Austin is a sampling profiler for Python. It is fast and capable, and I use it a lot.

Be aware that some related tools (austin-web) are not always as up-to-date and may cause issues.

I recommend using it to profile an entire run, and then use Speedscope to analyze it. If you need to analyze a part of a run [austin-tui][] can show a live view, and then save it to a trace file.

The default output format for Austin is supported by Speedscope and is also easily editable using scripts (if you want to filter out specific parts of a run).


py-spy is another sampling profiler for Python. For me, it’s main benefit is it’s top view, which gives a good overview of a process and lets you know “what’s taking so long?”. Additionally, it can show you stack traces for all the currently running threads.

I usually use it when a running process misbehaves and I want to know why.

The Python Profilers

The Python Profilers are for when sampling profilers aren’t enough. You need to know the call-count, and not just the durations. They don’t sample, so they will severely affect your program’s runtime. But there is no real alternative.

For viewing and analyzing the data, I highly recommend using KCacheGrind (or possible QCacheGrind if you’re on Windows and don’t wanna bother with setting up GUI for WSL). It is extremely fast even with very large profiles, and has some very good visualizations for analyzing the data. To convert the data to a fitting format, use pyprof2calltree

Memory Usage Over Time

Sometimes the simplest solution is the best one.

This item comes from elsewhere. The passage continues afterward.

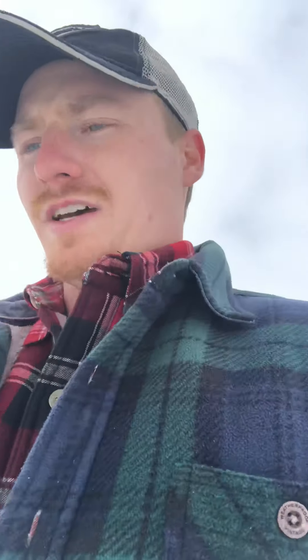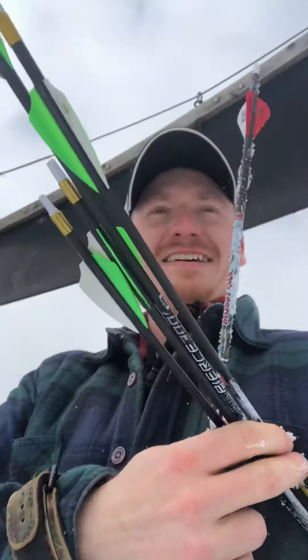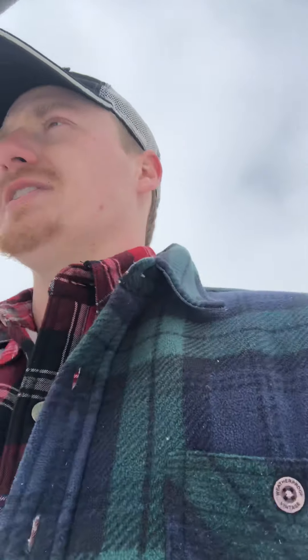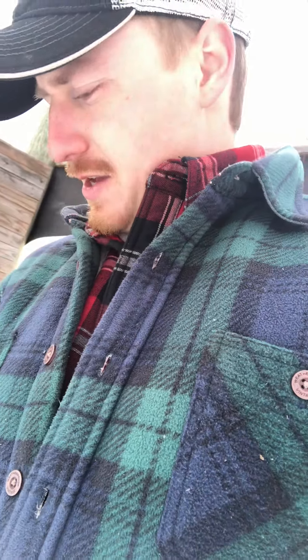These Gold Tip Kinetics — they'll sink in. I was shooting the Gold Tip hunters before. They work fine, but just the penetration on these is ridiculous. The old Gold Tips I was shooting penetrated about halfway through, and these — man, if you hit it lower, quite a few people have shot it and it blows right through. It's crazy.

When I need to find the part in my code that suddenly allocates way to much - I often log my memory usage over time, graph it, then compare it with a log or a sampling-profiler run to see which part of the run correlates with the spike in memory usage.

It’s crude, but it works.

I tend to use the psutil library for it.


pytest-benchmark allows you to easily run short-benchmarks in your test-suite. It takes care of all the complicated stuff - repeating the runs, and calculating statistics - and gives you easy-to-read results.

I also wrote a small tool on top of it to perform comparative-benchmarks and compare different implementations for the same code. You can find it at tmr232/python-benchmark.

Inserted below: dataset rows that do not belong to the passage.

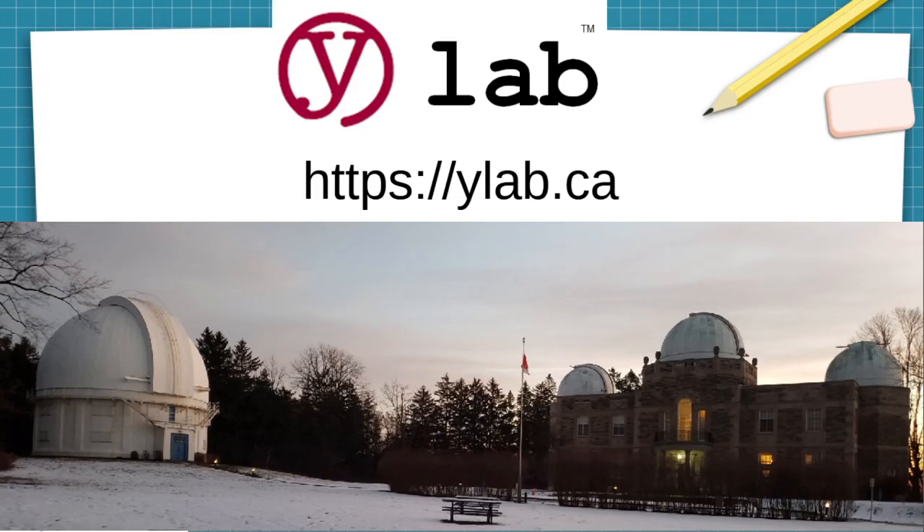We're YLAB. You can find us at https://ylab.ca. Post some comments down below — maybe we'll get around to reviewing and posting them.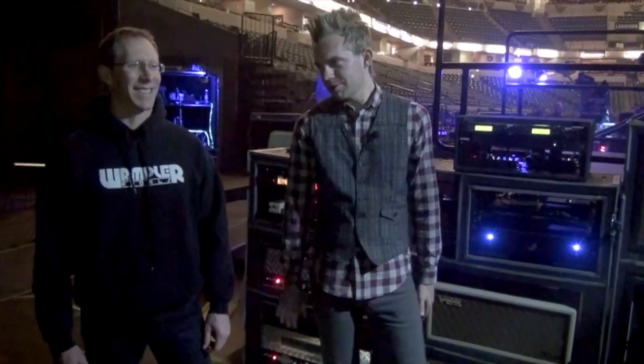Very cool. All right, thanks for showing us your rig, man. Absolutely. Make sure you check out Skillet.com and Seth Morrison, as well as WamplerPedals.com. Love Wampler! Thanks for watching.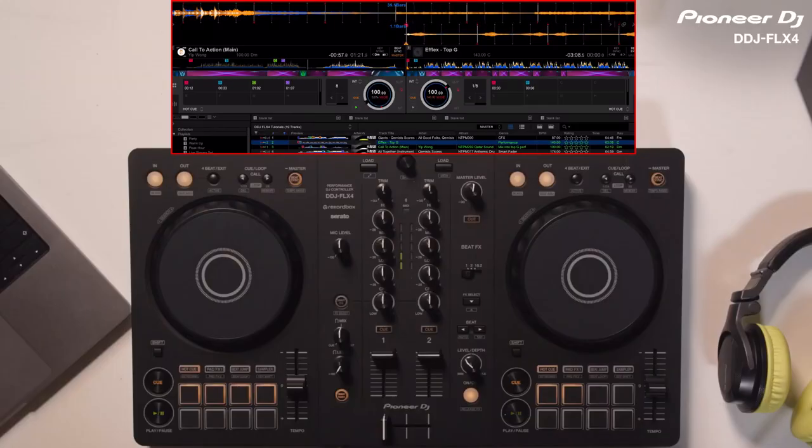The Smart Fader will incrementally adjust the tempo to match the BPM of the incoming track and change the EQ and volume levels as I mix out the first track into the second. When I'm ready to mix, I start the other track.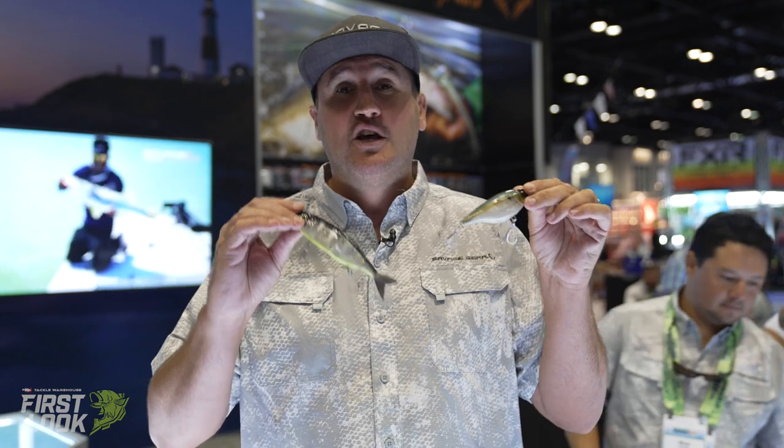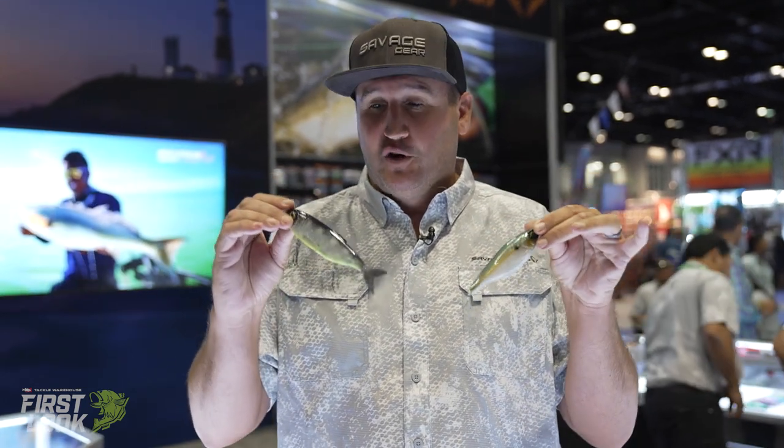Hey, what's up guys, Nick the Informative Fisherman here at the Savage Gear booth, ICAST 2021, for another New Tackle Warehouse first look.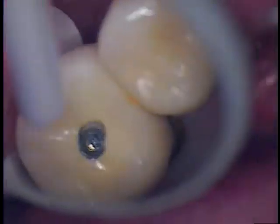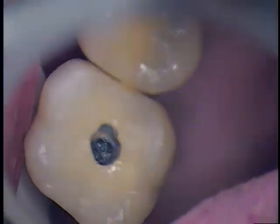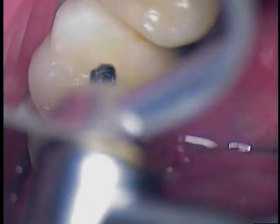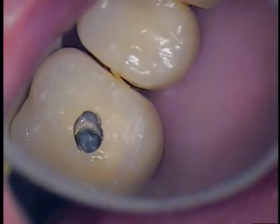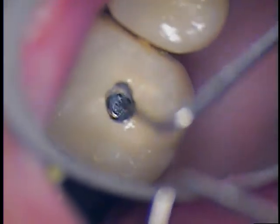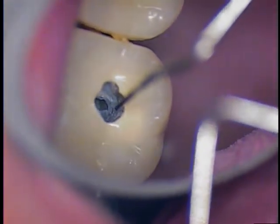Are you all right? Okay, let me know when you need a break. And we're going to measure the depth — so about six millimeters in depth. I'm just trying to get a gauge for how far and where we're heading.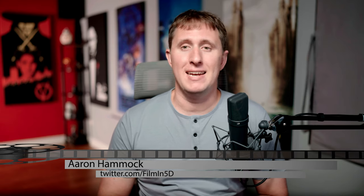Welcome to Film 5D, the show about everything video and photography with the a7S III. I'm Aaron Hammack, and today we'll be comparing the 90 millimeter 2.8 macro lens from Sony to some simple, cheap diopter filters. How do they compare when it comes to macro photography?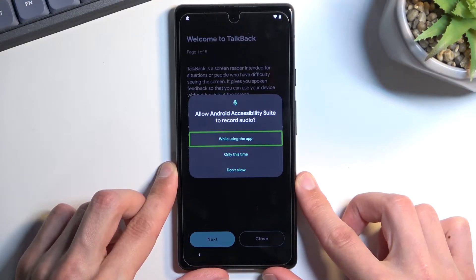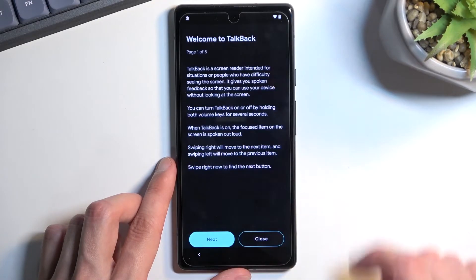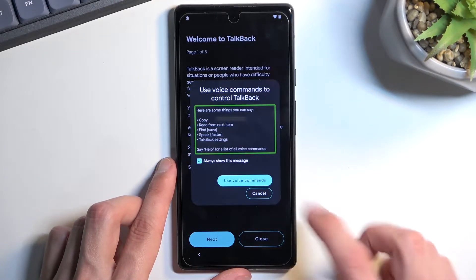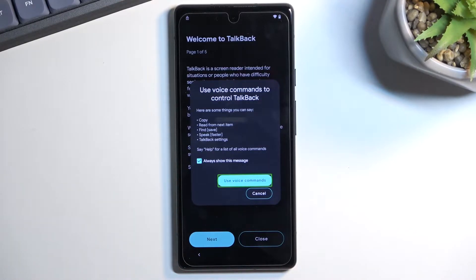The window will ask to allow Android Accessibility Suite to record audio. Double-tap on the first option that is already selected, then select 'Use Voice Commands.' Before you double-tap on it, I'll quickly explain what you need to say, because this will start listening specifically for a voice command, indicated with a beep.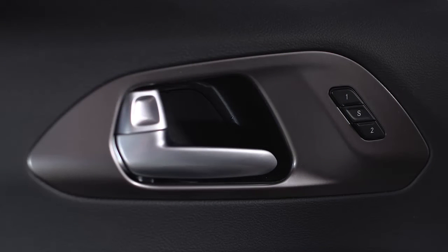You'll find the switch next to the driver door handle. The S or SET button activates the memory save function. You'll also see the number 1 and number 2 — the switch lets you recall either of two pre-programmed memory profiles. Just push the appropriate number.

pytest-json-report generates a JSON report for a pytest run. It has 2 main benefits:

  1. Makes it easy to parse the test results and create custom reports
  2. Makes it easy to add extra information into the test results

I use it to add peak-memory-usage into the test-results, so that I can keep track of that.

Packaging & Deps


Poetry is my go-to for managing my Python dependencies.

The main advantage of Poetry over other tools is that it automatically maintains a lock-file for you. By committing the lock-file into your repo, you ensure that package versions will be identical across all your environments. That way you know that what you develop with locally is the same as what’s tested in the CI, same as what’s deployed to staging, and also the same as what you deploy to production.

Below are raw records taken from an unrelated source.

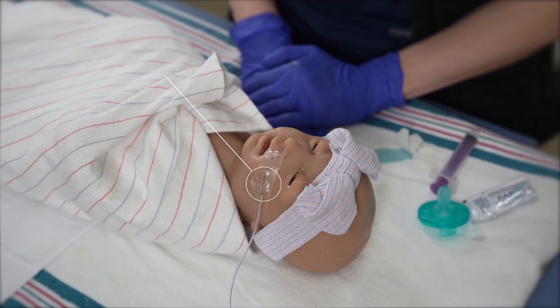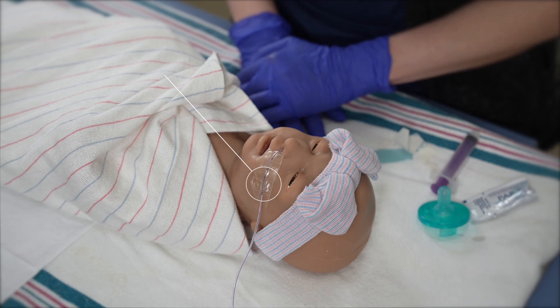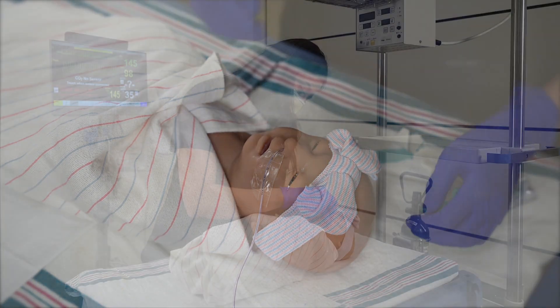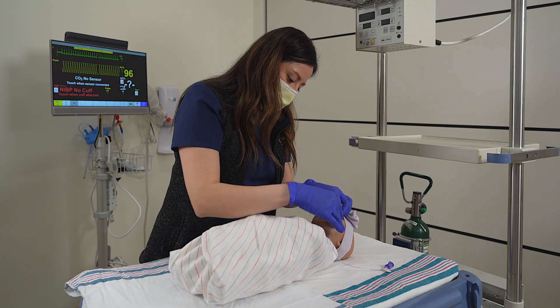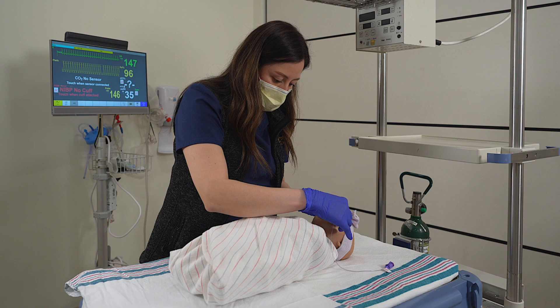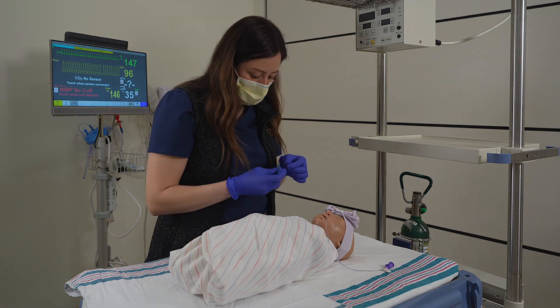A nasogastric tube, or NG tube, is a route of internal feeding that is placed to provide nutrition or gastric decompression to critically ill and premature infants. An NG tube can be placed for an infant who is unable to coordinate a suck, swallow, breathe feeding pattern. This helps to prevent aspiration and to conserve energy.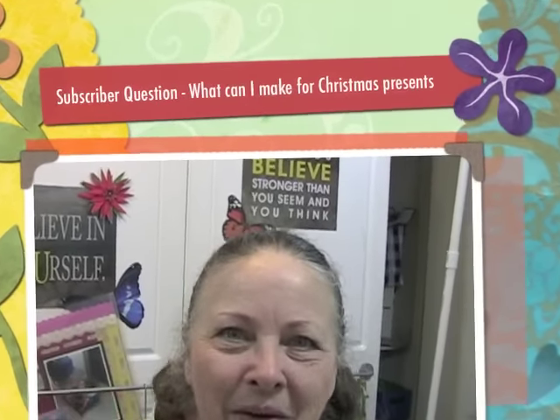Hello, Leslie here from Message in a Fold, and today is a subscriber question day. One of my YouTube subscribers and Facebook followers, Cindy Farmer — hello Cindy — she said she is going on a craft buying freeze. She's not buying any more things and she is trying to figure out ways to make Christmas presents for her family without going to the craft store.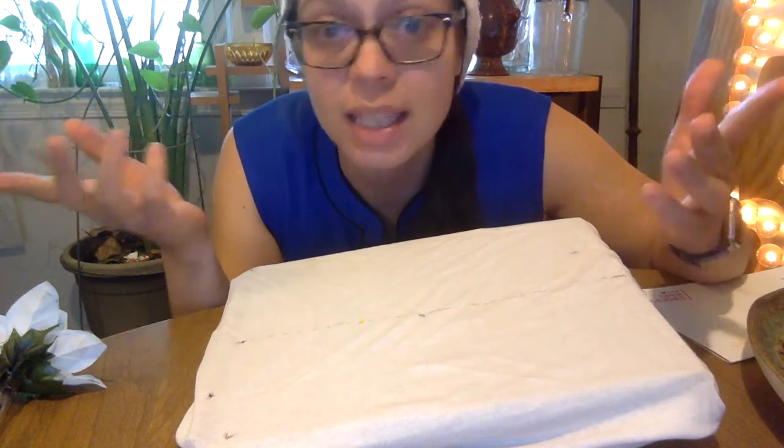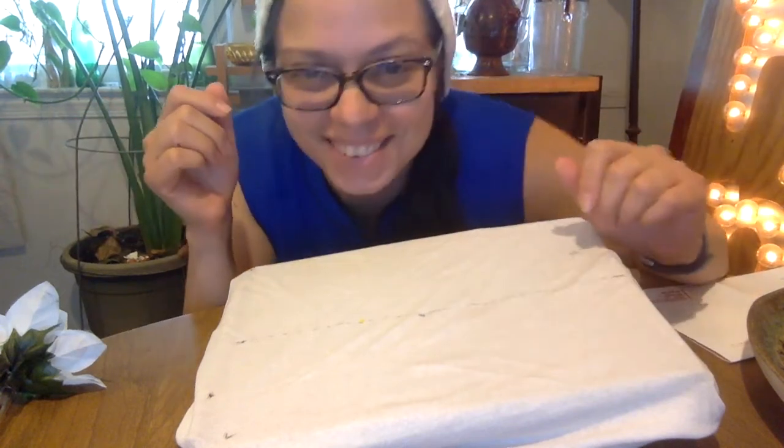Is it going to be perfect? Yes, because you made it. All right, let's get our marker for the next step.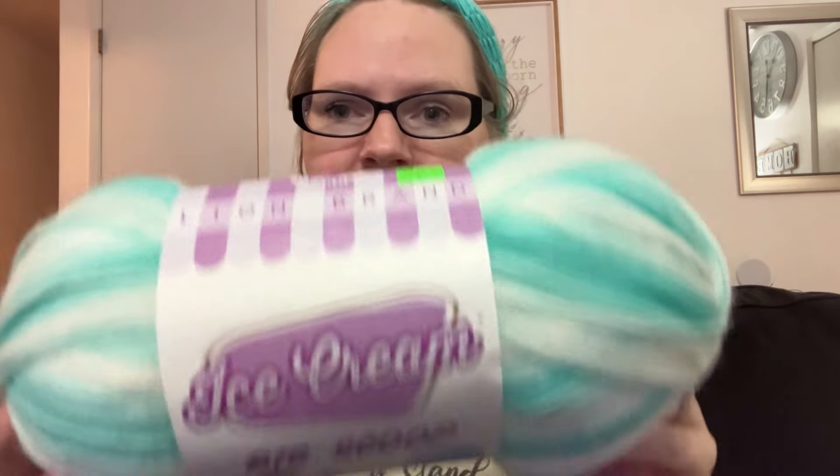I am using the Centro 22 and I'm also using Lion Brand Ice Cream yarn in the color mint. So let's just get started.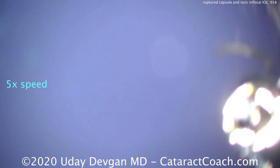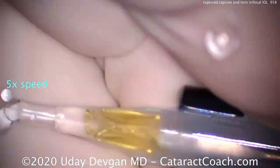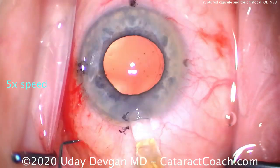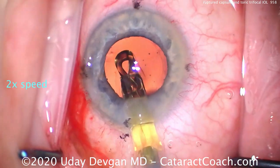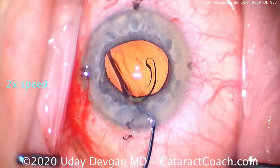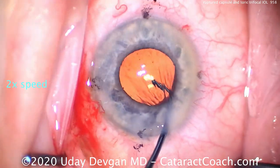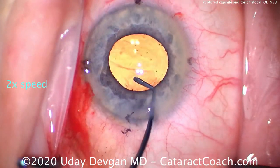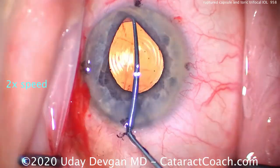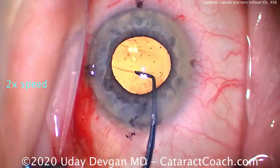Now we'll load up the lens — a trifocal toric single-piece acrylic lens. We'll put it in the capsule bag and slow things down to get it into the exact position we want. We're going to rotate it here to get it into the appropriate position. And look what happened — the posterior capsule opening ended up becoming larger.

I think that this alone should be enough to convince you.



Rich is a Python library for rich text and beautiful formatting in the terminal.

If you print anything to the terminal - use Rich. It’s better than any other library in the category.


Typer, from the creator of FastAPI, makes building advanced CLIs easy and painless.

In it’s most basic - it takes the argument names and type annotations from a function, and converts it to a fully-features CLI (flags, arguments, documentation, completions).


attrs is my preferred way to write Python classes. It uses type annotations to declaratively define your classes, and does a fantastic work of deducing extra functionality from it (comparisons, equality, hash…).

To keep things short - I don’t remember the last time I wrote an __init__ method.


If you ever need to draw a graph, use Altair.

For it’s philosophy and a brief intro, I recommend watching How to Think about Data Visualization by Jake VanderPlas.

The only downside I found so far is that exporting an image usually requires a web-browser in the process. But if your final output is HTML - you should be good.


Yes, pandas, the data-frame library.

If you’re ever dealing with numeric data, it’s worth spending the time (a couple of days, in my case) to develop basic competency with pandas. Once you have that, a lot of annoying tasks that you used to do in Excel become easy and straightforward.